## WORK ORDER:
All pictures are to be omitted while the lines starting at the line with "Is AI the future" and ending at the line with "Pociąg z siedzeniami" in the material below are retyped exactly, both ends included.

## DATA PROVIDED:
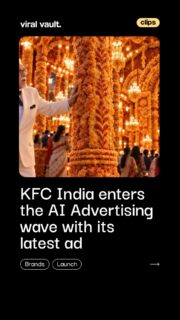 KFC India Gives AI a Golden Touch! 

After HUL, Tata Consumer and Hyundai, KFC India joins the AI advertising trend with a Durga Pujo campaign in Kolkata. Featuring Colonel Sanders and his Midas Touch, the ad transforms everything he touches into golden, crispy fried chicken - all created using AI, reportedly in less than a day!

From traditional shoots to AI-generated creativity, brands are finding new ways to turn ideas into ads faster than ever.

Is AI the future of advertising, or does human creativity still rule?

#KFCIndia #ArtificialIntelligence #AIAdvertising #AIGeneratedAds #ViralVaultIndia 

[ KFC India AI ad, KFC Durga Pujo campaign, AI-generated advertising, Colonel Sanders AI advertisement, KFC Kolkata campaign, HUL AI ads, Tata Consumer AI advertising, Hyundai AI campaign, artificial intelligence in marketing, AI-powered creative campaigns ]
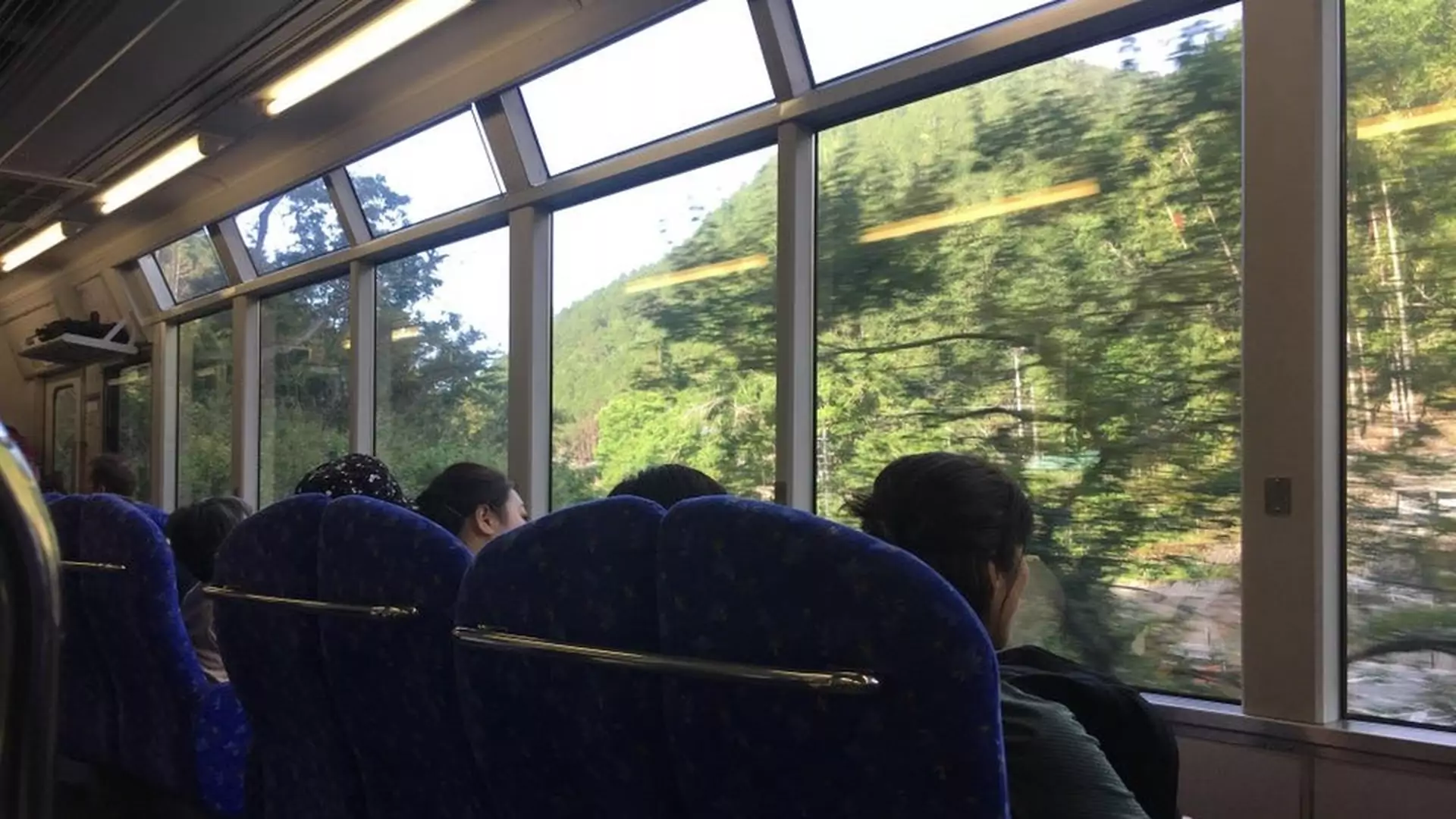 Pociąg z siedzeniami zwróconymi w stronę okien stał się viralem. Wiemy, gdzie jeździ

---

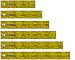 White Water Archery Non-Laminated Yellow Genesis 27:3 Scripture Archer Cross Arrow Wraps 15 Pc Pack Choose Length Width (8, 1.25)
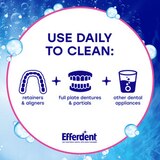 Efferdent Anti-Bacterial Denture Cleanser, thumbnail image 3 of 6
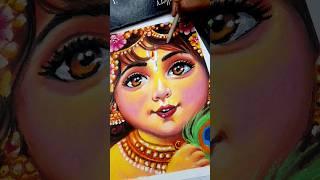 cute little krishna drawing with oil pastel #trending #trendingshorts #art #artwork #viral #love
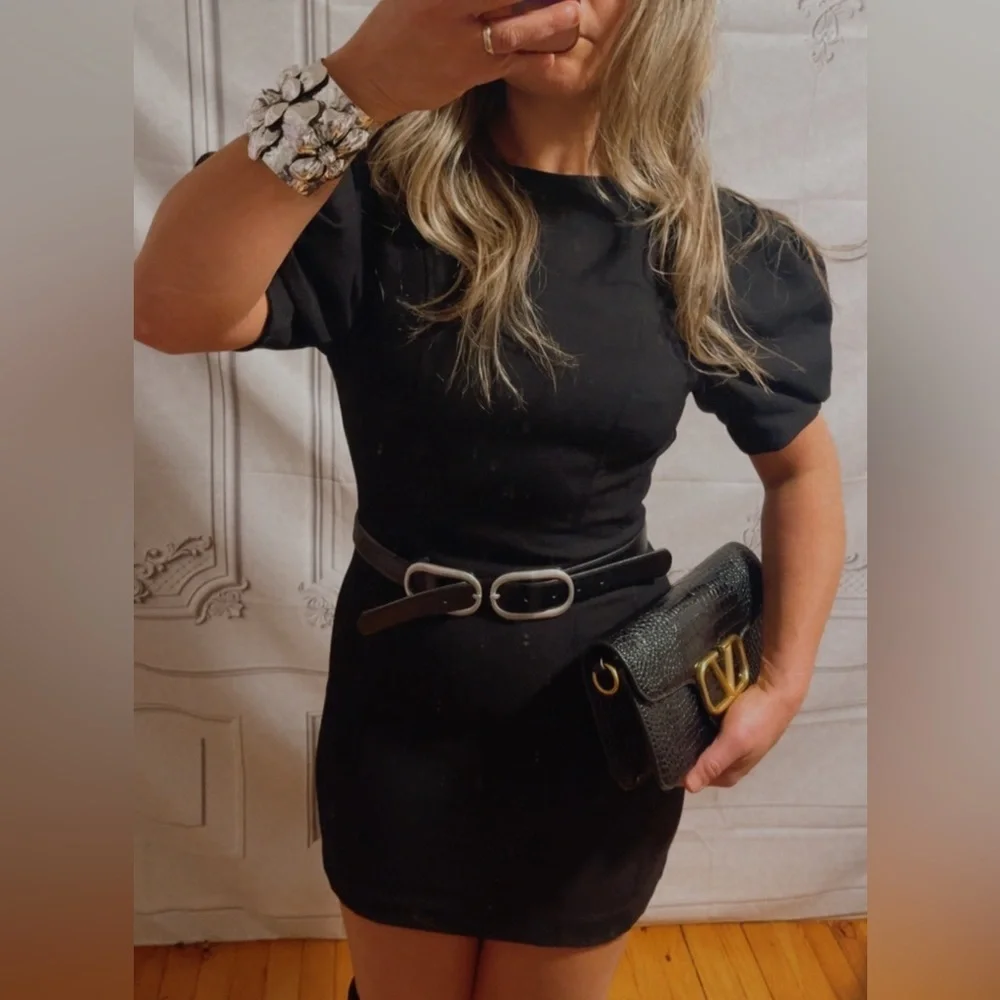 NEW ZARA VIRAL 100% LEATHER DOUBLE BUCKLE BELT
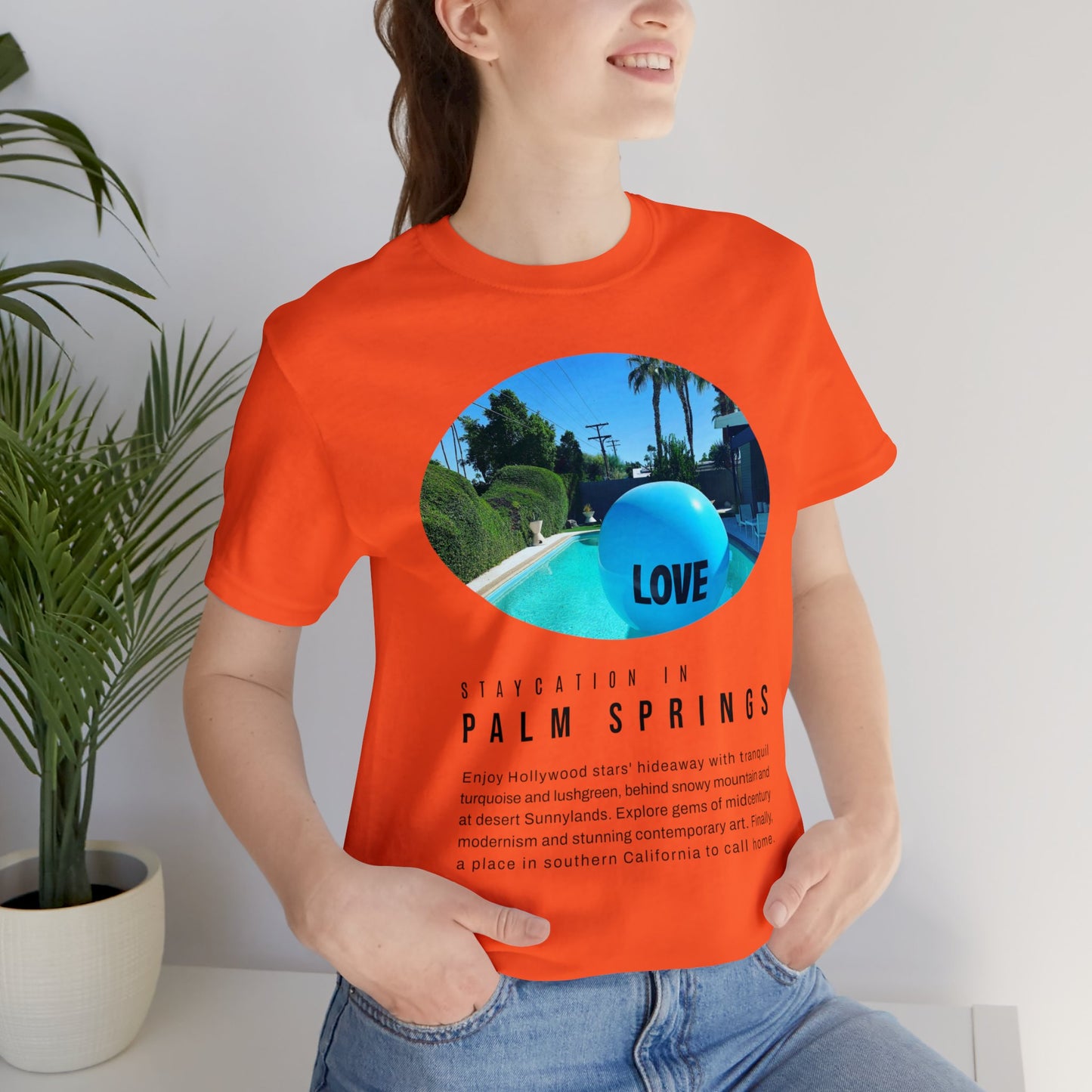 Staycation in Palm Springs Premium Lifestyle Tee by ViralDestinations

...

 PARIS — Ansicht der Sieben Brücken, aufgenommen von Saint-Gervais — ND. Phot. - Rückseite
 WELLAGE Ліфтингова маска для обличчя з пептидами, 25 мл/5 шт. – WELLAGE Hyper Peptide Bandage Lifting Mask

## OUTPUT OF THE TASK:
Is AI the future of advertising, or does human creativity still rule?

#KFCIndia #ArtificialIntelligence #AIAdvertising #AIGeneratedAds #ViralVaultIndia 

[ KFC India AI ad, KFC Durga Pujo campaign, AI-generated advertising, Colonel Sanders AI advertisement, KFC Kolkata campaign, HUL AI ads, Tata Consumer AI advertising, Hyundai AI campaign, artificial intelligence in marketing, AI-powered creative campaigns ]
 Pociąg z siedzeniami zwróconymi w stronę okien stał się viralem. Wiemy, gdzie jeździ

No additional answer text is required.